The Strait of Magellan in the Chilean Patagonia (Lat: 53.5°S) connects the Atlantic and Pacific oceans through a narrow passage. Historic and current pressures from navigation, oil and coal industries combined with changes due to anthropogenic climate change and local population growth make the region both complex and relevant. A large tidal range on the Atlantic side of the strait produces very strong currents in the first and second narrows that have a significant potential for hydrokinetic energy. Maximum currents have been measured up to 5 m/s.
With the goal of performing a detailed assessment of the marine energy potential of the strait, field measurements combined with an FVCOM numerical simulations are being used to assess the tidal potential and understand the complex coastal physics of the system. Field observations were carried out in short field campaigns in 2018 and 2019 to characterize the flow in one of the channel narrows. We deployed a moored ADCP for currents and turbulence characterization, measured salinity and temperature, sea-surface elevations with pressure sensors, and made velocity transects with a vessel-mounted ADCP. These characterizations will also help to inform the role of the flow through the Strait of Magellan on the continental shelf.

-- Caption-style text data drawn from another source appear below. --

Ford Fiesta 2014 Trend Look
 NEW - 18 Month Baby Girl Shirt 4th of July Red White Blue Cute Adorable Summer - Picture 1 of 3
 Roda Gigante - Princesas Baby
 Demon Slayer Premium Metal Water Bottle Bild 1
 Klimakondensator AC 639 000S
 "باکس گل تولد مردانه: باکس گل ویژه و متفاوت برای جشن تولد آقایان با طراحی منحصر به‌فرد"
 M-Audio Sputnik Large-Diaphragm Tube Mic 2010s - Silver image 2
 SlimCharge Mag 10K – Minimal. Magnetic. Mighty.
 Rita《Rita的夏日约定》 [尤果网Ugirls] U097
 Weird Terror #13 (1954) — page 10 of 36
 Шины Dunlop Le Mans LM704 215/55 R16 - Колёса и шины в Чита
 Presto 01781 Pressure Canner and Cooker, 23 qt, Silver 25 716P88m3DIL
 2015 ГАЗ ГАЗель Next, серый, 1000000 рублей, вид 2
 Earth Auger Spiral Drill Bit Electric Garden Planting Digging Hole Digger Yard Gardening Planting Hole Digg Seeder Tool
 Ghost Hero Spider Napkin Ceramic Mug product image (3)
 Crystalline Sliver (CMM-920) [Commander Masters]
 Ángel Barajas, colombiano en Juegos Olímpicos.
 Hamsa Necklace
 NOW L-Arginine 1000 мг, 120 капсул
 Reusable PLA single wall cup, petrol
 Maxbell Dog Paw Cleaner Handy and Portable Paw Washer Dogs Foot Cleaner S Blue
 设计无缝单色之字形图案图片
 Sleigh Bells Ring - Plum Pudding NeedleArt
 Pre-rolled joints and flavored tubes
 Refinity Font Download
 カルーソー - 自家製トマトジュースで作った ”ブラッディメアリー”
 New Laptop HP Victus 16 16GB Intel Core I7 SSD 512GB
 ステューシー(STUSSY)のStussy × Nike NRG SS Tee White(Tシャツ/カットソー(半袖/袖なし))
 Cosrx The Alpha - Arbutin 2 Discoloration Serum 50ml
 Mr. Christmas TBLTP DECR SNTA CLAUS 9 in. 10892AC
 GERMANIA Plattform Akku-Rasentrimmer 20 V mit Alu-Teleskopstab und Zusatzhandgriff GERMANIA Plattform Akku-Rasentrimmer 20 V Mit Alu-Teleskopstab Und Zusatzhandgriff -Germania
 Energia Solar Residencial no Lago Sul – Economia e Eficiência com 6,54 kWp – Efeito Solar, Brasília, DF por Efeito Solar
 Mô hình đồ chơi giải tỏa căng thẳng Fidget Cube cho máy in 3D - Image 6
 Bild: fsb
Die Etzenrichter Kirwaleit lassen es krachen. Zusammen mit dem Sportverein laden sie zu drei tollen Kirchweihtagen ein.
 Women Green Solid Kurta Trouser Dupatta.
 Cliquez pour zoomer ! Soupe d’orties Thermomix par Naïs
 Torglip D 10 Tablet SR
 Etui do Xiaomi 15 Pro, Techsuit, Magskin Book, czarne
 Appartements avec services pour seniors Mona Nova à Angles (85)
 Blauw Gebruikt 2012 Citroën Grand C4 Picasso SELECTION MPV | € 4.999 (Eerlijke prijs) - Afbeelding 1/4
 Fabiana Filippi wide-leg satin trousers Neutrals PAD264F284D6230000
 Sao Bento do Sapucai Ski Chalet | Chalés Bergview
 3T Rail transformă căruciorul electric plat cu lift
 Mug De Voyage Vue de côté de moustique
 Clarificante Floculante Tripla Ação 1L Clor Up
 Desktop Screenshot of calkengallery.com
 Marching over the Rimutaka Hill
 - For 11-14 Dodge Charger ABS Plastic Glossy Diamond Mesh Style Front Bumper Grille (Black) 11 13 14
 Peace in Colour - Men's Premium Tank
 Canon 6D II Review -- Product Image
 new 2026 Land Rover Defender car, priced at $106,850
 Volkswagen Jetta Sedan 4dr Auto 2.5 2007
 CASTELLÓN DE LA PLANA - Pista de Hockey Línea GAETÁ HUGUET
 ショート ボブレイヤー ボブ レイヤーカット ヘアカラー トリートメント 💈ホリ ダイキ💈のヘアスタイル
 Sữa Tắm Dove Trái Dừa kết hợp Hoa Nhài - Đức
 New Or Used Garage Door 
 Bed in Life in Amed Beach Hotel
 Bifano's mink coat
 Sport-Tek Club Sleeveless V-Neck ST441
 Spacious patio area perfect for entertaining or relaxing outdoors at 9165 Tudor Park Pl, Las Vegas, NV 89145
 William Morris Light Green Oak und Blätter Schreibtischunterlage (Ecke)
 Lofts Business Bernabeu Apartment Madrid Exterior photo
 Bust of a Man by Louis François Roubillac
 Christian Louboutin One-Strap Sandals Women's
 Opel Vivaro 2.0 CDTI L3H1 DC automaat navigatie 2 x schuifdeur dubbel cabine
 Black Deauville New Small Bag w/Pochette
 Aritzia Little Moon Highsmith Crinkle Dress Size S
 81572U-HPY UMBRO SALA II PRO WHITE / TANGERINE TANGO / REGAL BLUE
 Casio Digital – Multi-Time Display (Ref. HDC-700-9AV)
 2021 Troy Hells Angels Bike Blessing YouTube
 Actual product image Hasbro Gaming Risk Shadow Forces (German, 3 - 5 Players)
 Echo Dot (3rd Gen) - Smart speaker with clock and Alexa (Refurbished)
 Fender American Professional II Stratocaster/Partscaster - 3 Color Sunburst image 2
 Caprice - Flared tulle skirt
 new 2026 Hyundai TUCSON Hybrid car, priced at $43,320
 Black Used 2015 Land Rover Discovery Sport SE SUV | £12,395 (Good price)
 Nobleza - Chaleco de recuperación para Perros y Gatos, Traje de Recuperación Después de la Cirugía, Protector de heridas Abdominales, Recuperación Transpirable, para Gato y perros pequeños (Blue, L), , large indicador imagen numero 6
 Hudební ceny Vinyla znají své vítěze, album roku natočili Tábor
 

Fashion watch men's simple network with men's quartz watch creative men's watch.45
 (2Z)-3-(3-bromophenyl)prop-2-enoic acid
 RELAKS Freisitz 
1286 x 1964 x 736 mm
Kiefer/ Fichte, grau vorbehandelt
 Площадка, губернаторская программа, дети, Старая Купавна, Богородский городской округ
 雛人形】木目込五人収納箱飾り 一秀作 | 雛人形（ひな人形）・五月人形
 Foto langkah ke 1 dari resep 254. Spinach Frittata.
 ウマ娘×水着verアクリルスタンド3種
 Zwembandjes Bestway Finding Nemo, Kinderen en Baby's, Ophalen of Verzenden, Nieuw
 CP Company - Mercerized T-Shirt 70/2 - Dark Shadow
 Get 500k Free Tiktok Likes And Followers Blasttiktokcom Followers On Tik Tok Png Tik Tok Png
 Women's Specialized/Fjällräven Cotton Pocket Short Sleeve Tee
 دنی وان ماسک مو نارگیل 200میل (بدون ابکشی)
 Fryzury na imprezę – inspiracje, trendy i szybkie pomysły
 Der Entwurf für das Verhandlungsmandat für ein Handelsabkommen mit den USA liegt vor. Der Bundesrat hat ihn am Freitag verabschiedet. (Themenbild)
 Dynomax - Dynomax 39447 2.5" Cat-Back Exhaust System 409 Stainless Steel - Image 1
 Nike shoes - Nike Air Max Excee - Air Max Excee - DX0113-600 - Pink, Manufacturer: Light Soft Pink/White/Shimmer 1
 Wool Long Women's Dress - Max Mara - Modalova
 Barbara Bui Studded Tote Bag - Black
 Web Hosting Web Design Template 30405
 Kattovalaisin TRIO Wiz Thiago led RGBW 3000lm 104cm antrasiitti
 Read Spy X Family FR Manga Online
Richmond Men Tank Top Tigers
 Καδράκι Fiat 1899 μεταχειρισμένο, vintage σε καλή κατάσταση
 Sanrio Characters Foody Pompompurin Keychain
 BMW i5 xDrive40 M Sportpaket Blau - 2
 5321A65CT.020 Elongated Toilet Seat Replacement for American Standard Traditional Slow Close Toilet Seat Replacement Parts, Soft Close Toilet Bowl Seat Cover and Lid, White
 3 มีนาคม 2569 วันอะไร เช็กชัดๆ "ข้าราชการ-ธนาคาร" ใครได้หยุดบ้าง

The field data we collected is critical to understand the factors that control the dynamics of the flow in this section of the channel, and understand its marine energy potential. Measured velocities are being used to validate an FVCOM numerical model which will expand our spatially and temporally limited measurements, to estimate the tidal energy resources in the Magellan strait and evaluate the impacts of varying climatic conditions. The numerical model will also allow to predict the complementarity of tidal energy with other renewable resources, in the context of green hydrogen in the Strait of Magellan.
This is the first study aimed at predicting the tidal energy resources in the Strait of Magellan, combining field observations and numerical models. Future work will focus on the interactions of physical and environmental processes that can help to promote a sustainable development of marine energies in the southern part of the continent.